§ Work request
Before returning the data, strip out the pictures and keep everything else exactly the same.

§ Supplied information

== Segment start ==

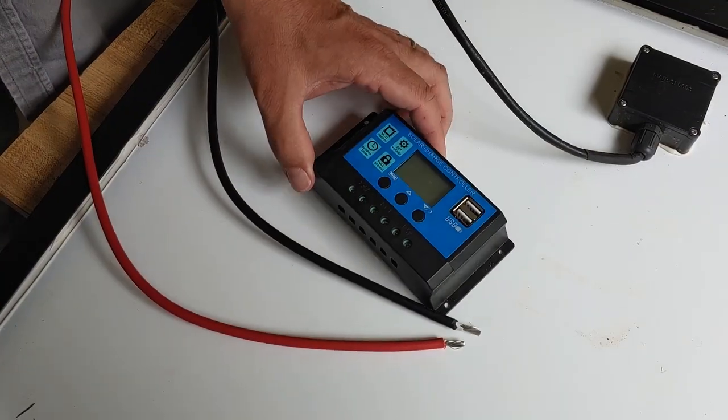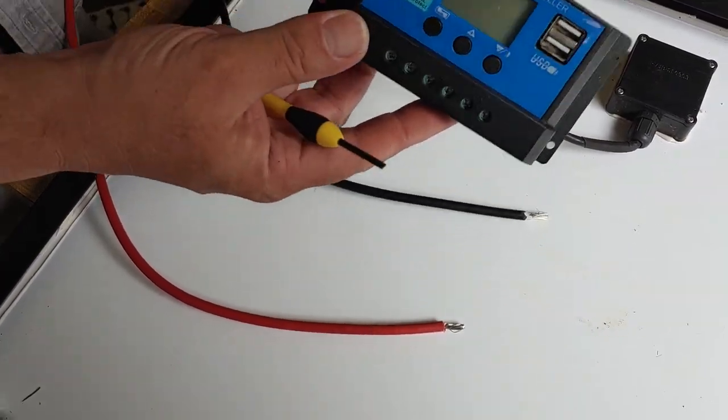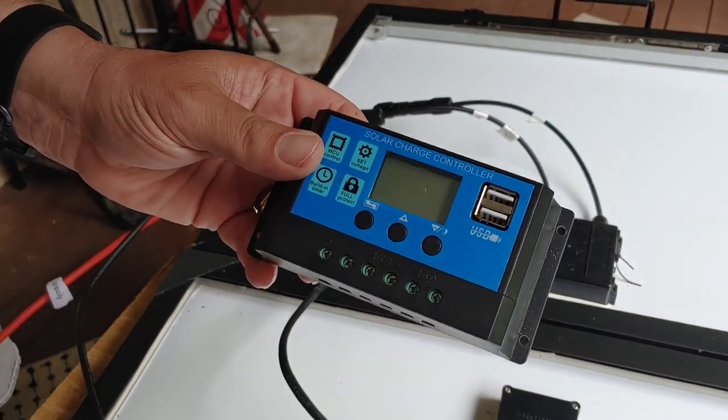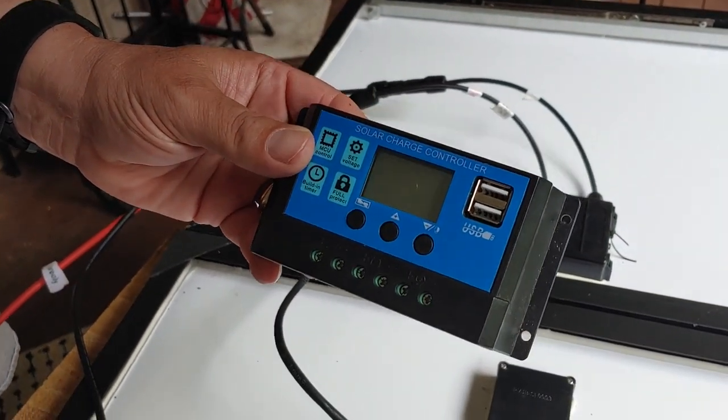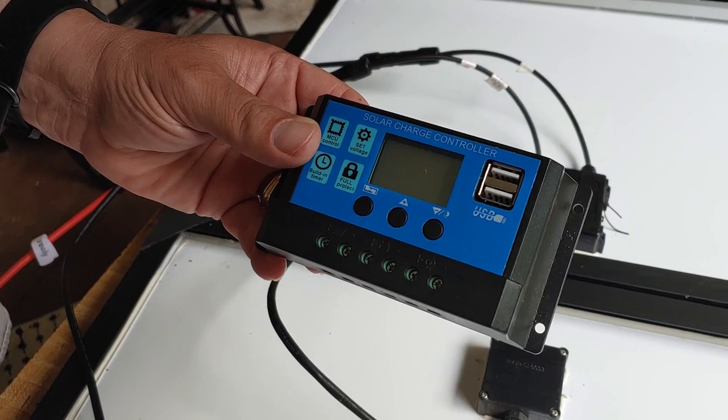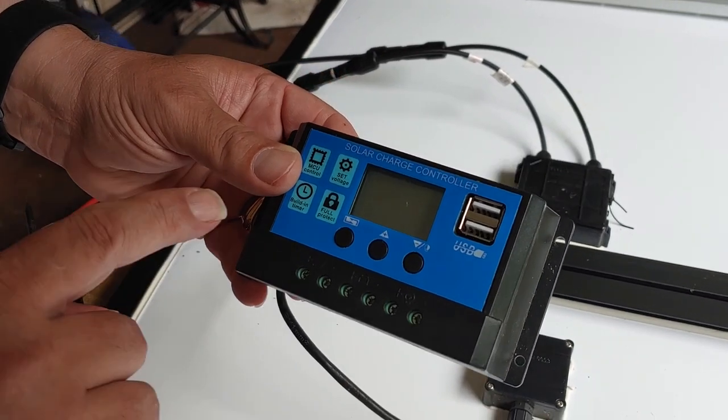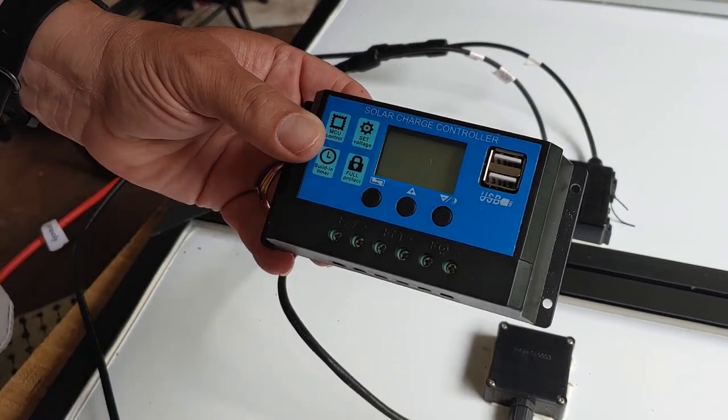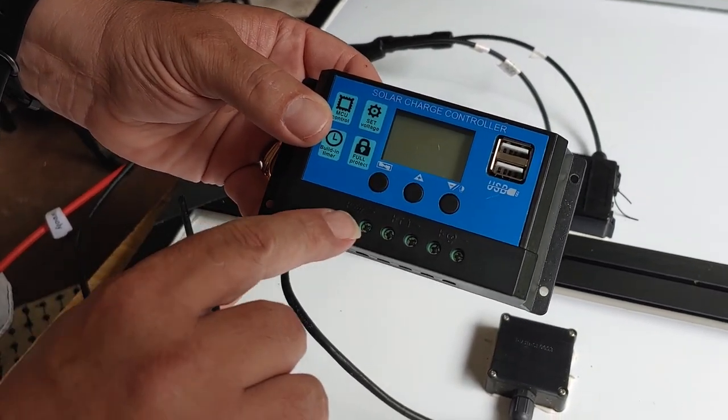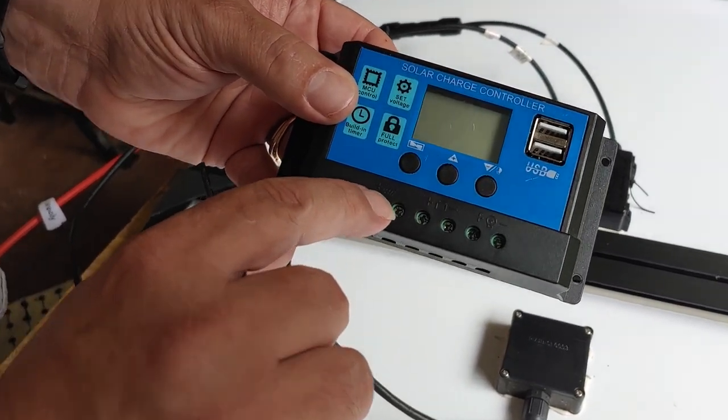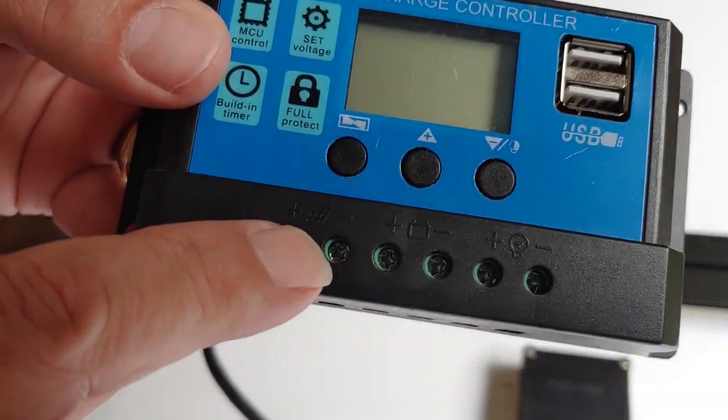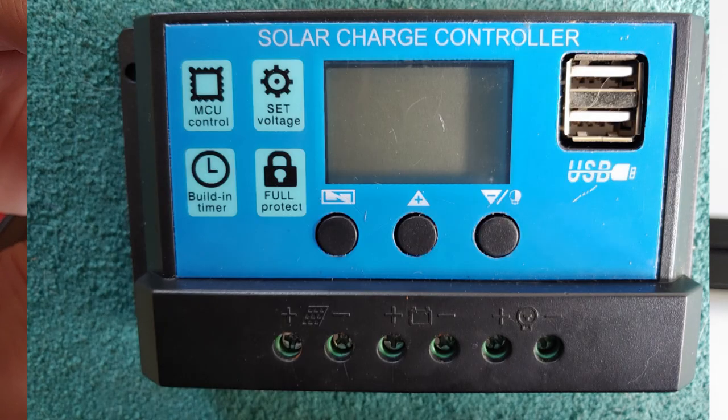All right, so standard charge controller. This is about a $20 one I got on Amazon. You can get them $20, $25. Fairly inexpensive Chinese. If you look at the bottom, you'll see where it has solar panel. Right there is the picture.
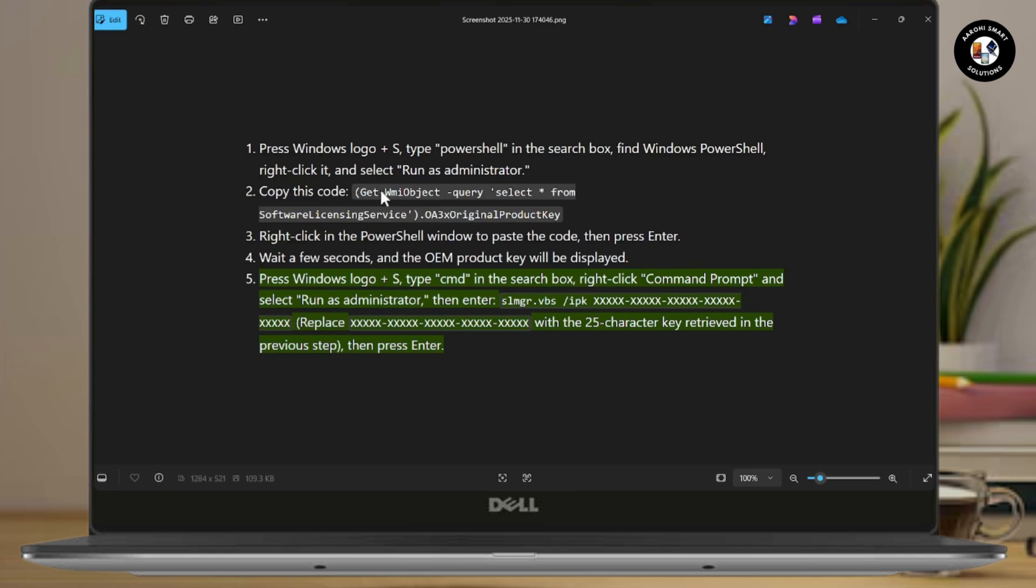Then you need to copy this code. Right-click in the PowerShell window to paste the code, then press Enter. Wait a few seconds and the OEM product key will be displayed.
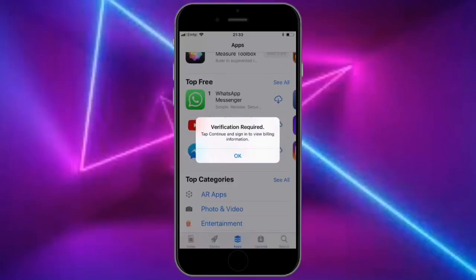Hello everyone, welcome back to another video. In this video I'm going to show you how to fix verification required in the App Store. When you try to install any free app and you get this error...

== Segment end ==

§ Answer to this problem
All right, so standard charge controller. This is about a $20 one I got on Amazon. You can get them $20, $25. Fairly inexpensive Chinese. If you look at the bottom, you'll see where it has solar panel. Right there is the picture.
Then you need to copy this code. Right-click in the PowerShell window to paste the code, then press Enter. Wait a few seconds and the OEM product key will be displayed.
Hello everyone, welcome back to another video. In this video I'm going to show you how to fix verification required in the App Store. When you try to install any free app and you get this error...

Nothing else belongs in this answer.